From Addiction to Acceptance

ENG 100, Paper 1. Tech Reflection. Oct, 2025

How Changing My Relationship with Social Media Made Everything Better. 

I was addicted to social media. Fully addicted, and I hated it. For more than a decade—from installing the apps on my first smartphone until just after my 50th birthday—checking Facebook and Instagram was the first thing I did in the morning and the last thing I did at night. And in between, there were a million scrolling, like-checking, attention-sucking moments. After over ten years of this, I became determined to change and committed myself to becoming a more mindful, deliberate technology user. 

In the beginning, these apps were a useful and entertaining way to stay connected with my community. Likewise, posting photos and my thoughts was an enjoyable way to share creatively. I was completely devoted to Facebook and Instagram and long sang their praises, always encouraging others to join the fold. Over the years, though, the Meta algorithms chipped away at that community connection. Without me realizing it, these apps slowly became a habitual way to pass the time and stave off boredom. Then, as they really started to push the short-attention-span-grabbing, dopamine-rewarding stories and reels as the primary content, my daily activity took on a truly addictive dimension: ad after ad, reel after reel, endless scrolling. I lost more and more of myself to these flashy products and high-impact videos. Worst of all, I had zero control over this habit. I would routinely experience the hot flush of frustration and shame after I, once again, lost twenty to thirty minutes to this mindless content. And this would happen multiple times a day! Once this dependency firmly took hold, my social media use became something more—something bitter and yet unquenchable. I remember reading once that “all addictions are anesthetics,” and this certainly began to ring true for me. As my life, politics, and the world grew more complex and difficult to bear, my scrolling became the unconscious act of soothing my nervous mind and numbing anxiety. In the end, I was self-medicating.

My usage already had a chokehold on my attention and focus, and it was now the primary waste of my most limited resource: time. It was also becoming weirdly disorienting. I would “come to” in apps, not even realizing how I got there, and likewise would routinely lose track of which app I was actually in. All the content bled together in the most bewildering way. As I doomscrolled through huge chunks of my day, it slowly dawned on me that I no longer saw content produced by people I knew and cared about. Instead, there were movie clips, stand-up comics, self-help memes, and so much content that felt ripped straight from TikTok, as if I had accidentally signed up and subscribed to 1000 influencers in my sleep. It also became clear that fewer and fewer people were seeing my posted content. Over the last year or two of active use, the reactions my posts received dwindled to the low double, and sometimes even single digits. So much for creativity and connection. All I was left with was disconnection, disappointment, and regret.
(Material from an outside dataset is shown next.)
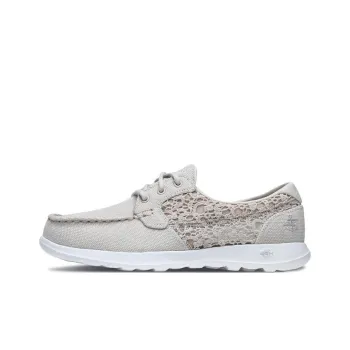 Skechers GO WALK Lite Non-slip Wear-resistant Shock Absorption Low-Top Sports Casual Shoes Women's Natural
 I was thoroughly embarrassed that I had let things go this far without trying to course-correct. The only relief I had at this time came from my steadfast refusal to install any new social media apps. Each time a friend or family member shared content from a different platform, I would feel the tempting pull to explore this new source of enticing content, like the urge for one more cigarette during a stressful time, or the dangerous desire for one last drink at the end of the night. With all my unwitting exposure to these well-produced short videos, TikTok looked supremely alluring, but I knew matters would only feel much more out of hand if I gave in to this new flavor of my drug of choice. I resisted, but just barely.

By the time my big 5-0 came around, the stakes felt sufficiently high. I might have kept blundering along with no will to change, but suddenly, my child was approaching an age where they would expect a smartphone. I wanted to model measured and responsible usage, and so, a few weeks after my birthday, I tried my first experiment with “self-binding.”  I had read about this practice in Dr. Anna Lembke’s Dopamine Nation. In her words, this was “a way to intentionally and willingly create barriers between ourselves and our drug of choice in order to mitigate compulsive overconsumption.” If the words “compulsive overconsumption” did not describe my social media activity, I’m not sure what did. 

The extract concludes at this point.